Supplied material -
━━━
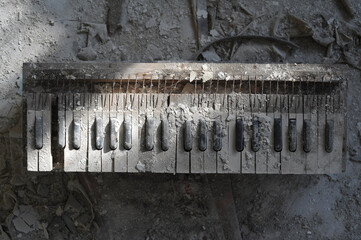 Old dirty toy piano in kindergarten of ghost town Pripyat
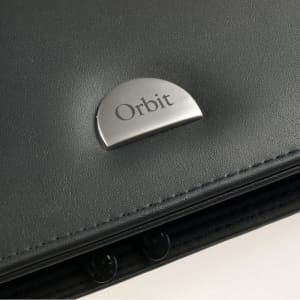 A black leather wallet featuring a silver logo emblem. The wallet has a sleek design with a zippered closure.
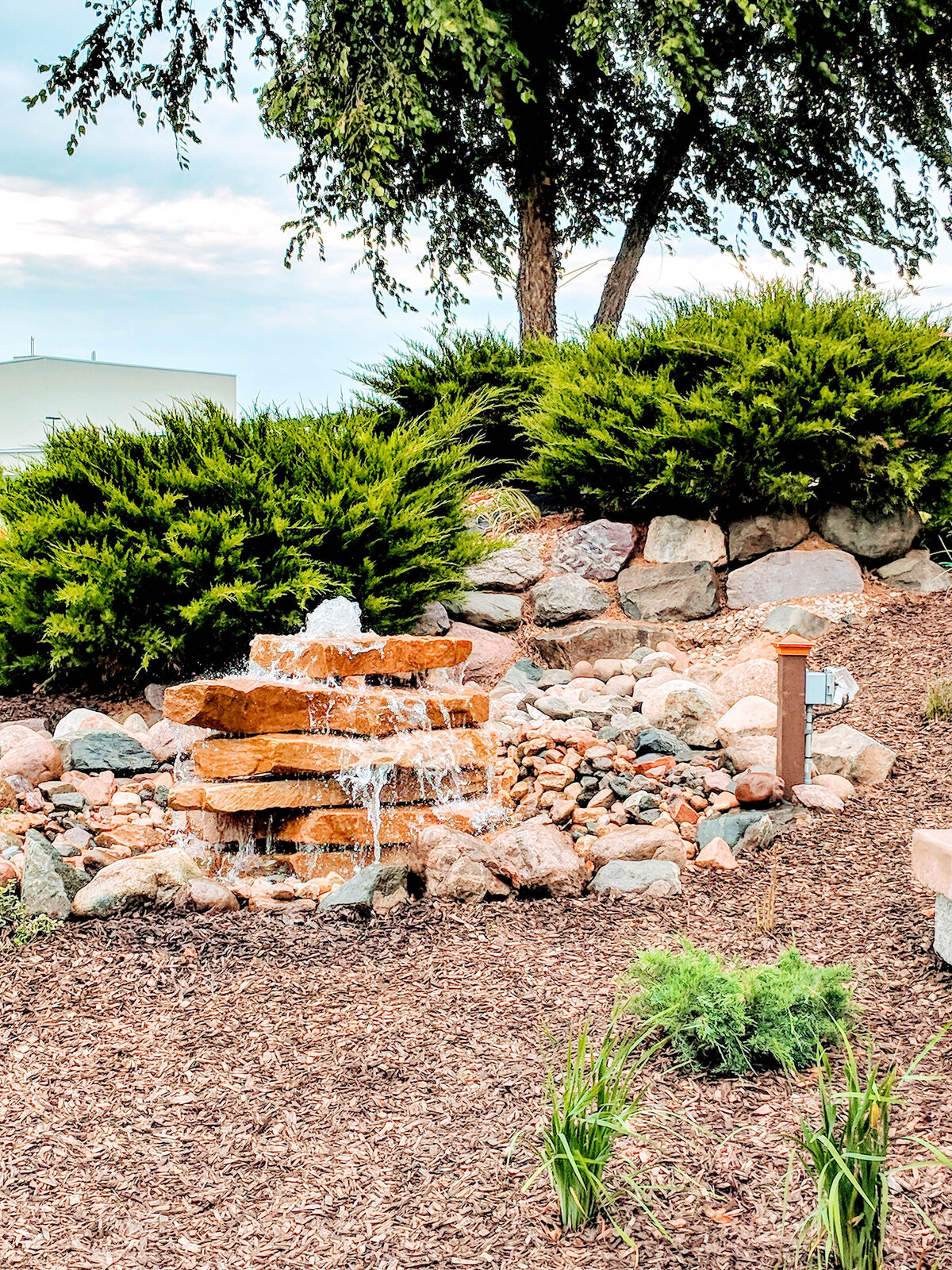 Custom Stacked Stone Fountain bubbling over rocks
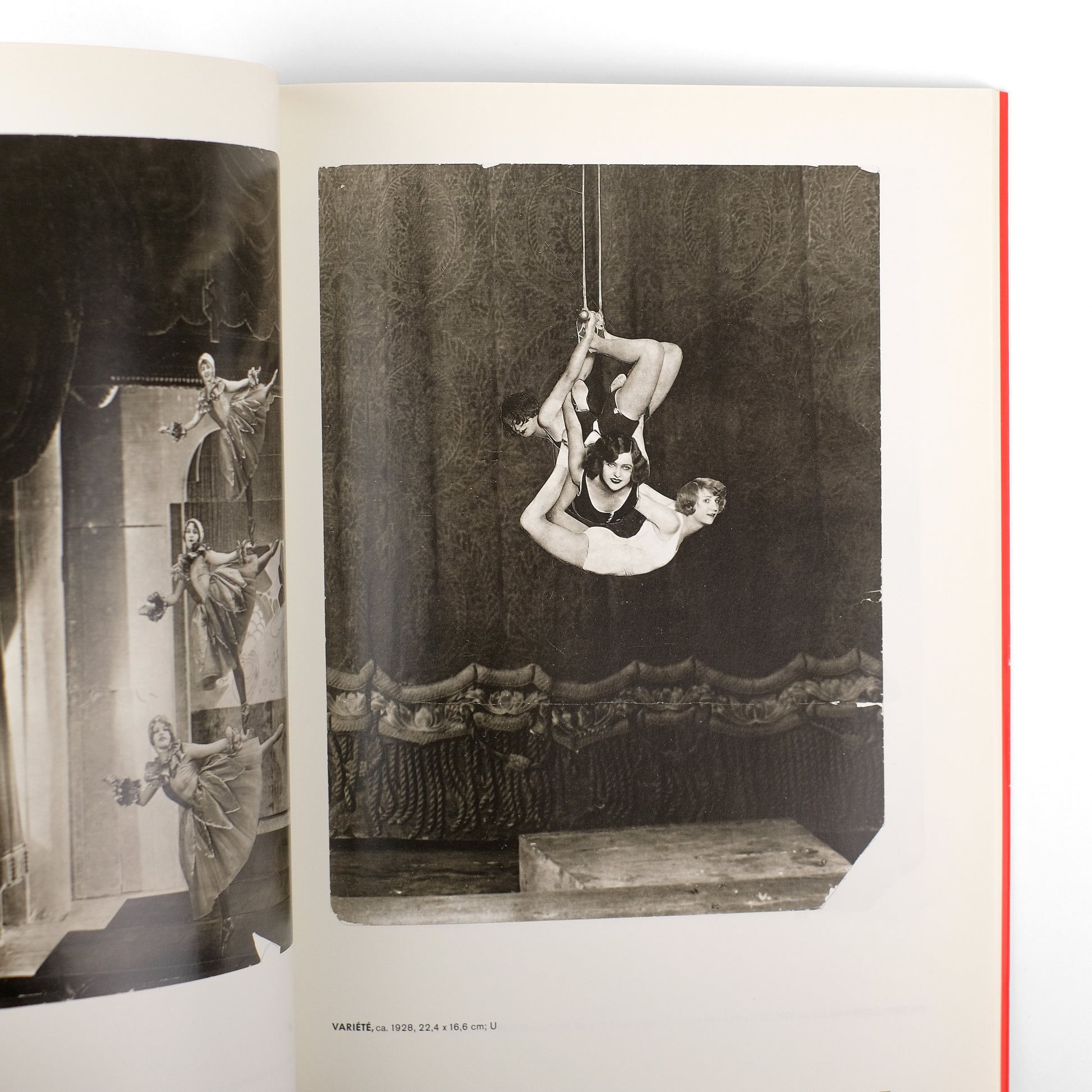 spread from a photo book featuring a black and white photograph as the main image. the photo shows three women acrobats performing an aerial act. they are suspended upside down from a rope, their bodies intertwined.  the background is a dark stage with curtains.  the page shows other smaller images of similar performers.  the style suggests a 1920s circus or vaudeville setting, with potential use of collage or multiple exposure techniques. the overall aesthetic is vintage and art decoinfluenced.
━━━
Work required - Start at the line above containing "A black leather" and stop at the line containing "Custom Stacked Stone": print those lines and everything between them exactly, but not the pictures.

Problem solution -
 A black leather wallet featuring a silver logo emblem. The wallet has a sleek design with a zippered closure.
 Custom Stacked Stone Fountain bubbling over rocks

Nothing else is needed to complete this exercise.